É exatamente o que vamos pensando sobre o longo e frutuoso trabalho que Nuno Portas desenvolveu e projectou. E sobre o futuro que nos planeou.

Escrever umas breves palavras sobre Nuno Portas é fácil e difícil. Fácil, pois a sua vida e a sua obra constituem referências incontornáveis da arquitetura e do urbanismo em Portugal na segunda metade do século XX. Difícil porque provavelmente escapar-nos-á, por entre os dedos, aquilo que gostaríamos que ficasse nas mãos. A sua notável heterodoxia. O seu compromisso. E as suas lições.

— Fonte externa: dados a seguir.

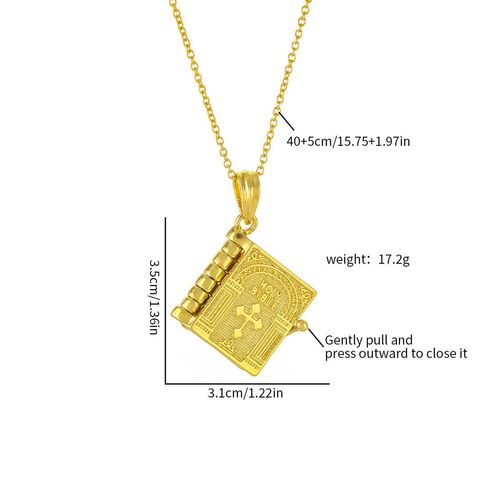 Hop Vintage Unisex Religious Necklace with Openable Bible Book Cross Pendant Openable Blade Chain for Men Women for Weddings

Nuno Portas foi um académico livre na sua heterodoxia. Livre na forma como se relacionou com as instituições académicas, pois, fazendo escola e deixando legado por onde passou (nas Universidades de Lisboa e do Porto, no LNEC), nunca as sentiu como território e propriedade suas. Assim, sempre entendeu as estruturas académicas como espaços de construção de conhecimento e não como estruturas defensivas de posições e hierarquias estabelecidas.

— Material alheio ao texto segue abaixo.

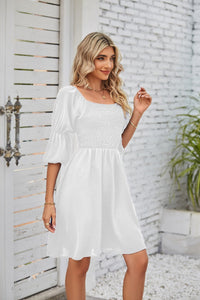 Square Neckline Puff Sleeve Backless Dress for Women. - Starseed Holistic Healing LLC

A sua liberdade académica esteve também bem presente no modo como encarou a arquitetura enquanto campo disciplinar e área do conhecimento. Quando sentiu que, para responder às suas inquietações e preocupações científicas, haveria que estabelecer pontes com outras áreas do conhecimento, fê-lo de forma empenhada e consciente, encarando os territórios disciplinares como campos abertos ao diálogo interdisciplinar. Não sentiu que isso diminuía a importância da arquitetura, mas que, pelo contrário, a valorizava e fortalecia na sua relevância científica e social.

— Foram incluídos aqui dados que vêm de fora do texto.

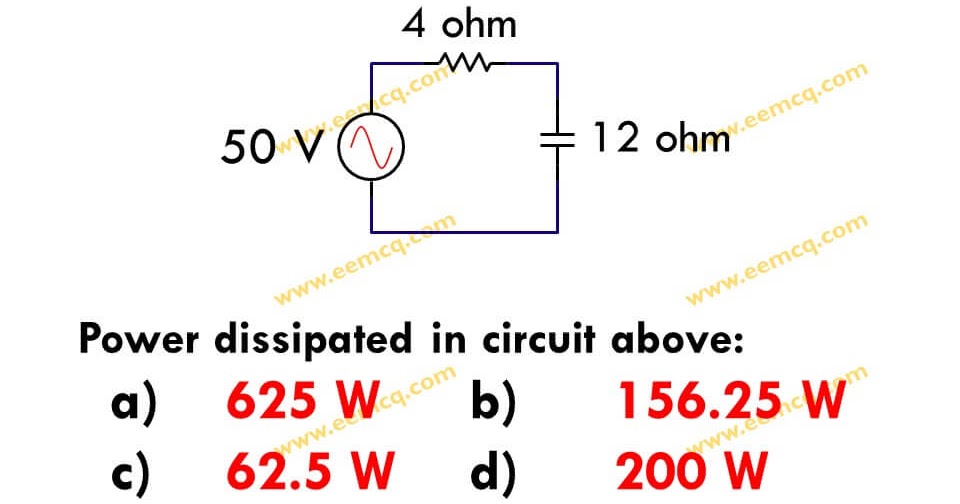 Network Theory 4 Ohm Resistor with 12 Ohm Capacitor and 50 V Source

A sua heterodoxia livre esteve também bem presente no modo como assumiu a coerência entre pensamento e ação. Nuno Portas fundou, na democracia, a Secretaria de Estado da Habitação e Urbanismo. É um legado, no mínimo, histórico. A sua herança como secretário de Estado é tão reconhecida e reconhecível que nos exige, pelo menos, que tentemos perseguir os objetivos que tão bem delineou e que hoje emergem, mais uma vez, com aguda atualidade. Nunca, como com ele, a política esteve tão perto do seu significado original, grego, e refletido no seu objetivo central de estudo – a cidade (polis).

Essa mesma preocupação com a cidade esteve bem presente no seu papel de vereador do Urbanismo na Câmara Municipal de Gaia, no final dos anos noventa do século passado. Mais uma vez, vimos como a sua ação cívica era indissociável do seu pensamento enquanto arquiteto e como o seu labor académico tinha subjacente um forte compromisso cívico. Na vida e obra de Nuno Portas encontramos recorrentemente essa preocupação de se colocar ao serviço da comunidade e, com ela, procurar construir uma cidade onde todos têm lugar e onde a arquitetura não é uma mera afirmação de brilhantismo profissional, mas sim um instrumento poderoso para a construção dum espaço urbano mais democrático.

Hoje, quando o Instituto de Habitação e Reabilitação Urbana abre o período de candidaturas (https://www.portaldahabitacao.pt/web/guest/np) às instituições do ensino superior para concorrerem ao Prémio Nuno Portas (que acompanha o prémio que homenageia uma outra notável figura da nossa modernidade, Nuno Teotónio Pereira), não poderíamos, naturalmente, deixar de nos associar e regozijar.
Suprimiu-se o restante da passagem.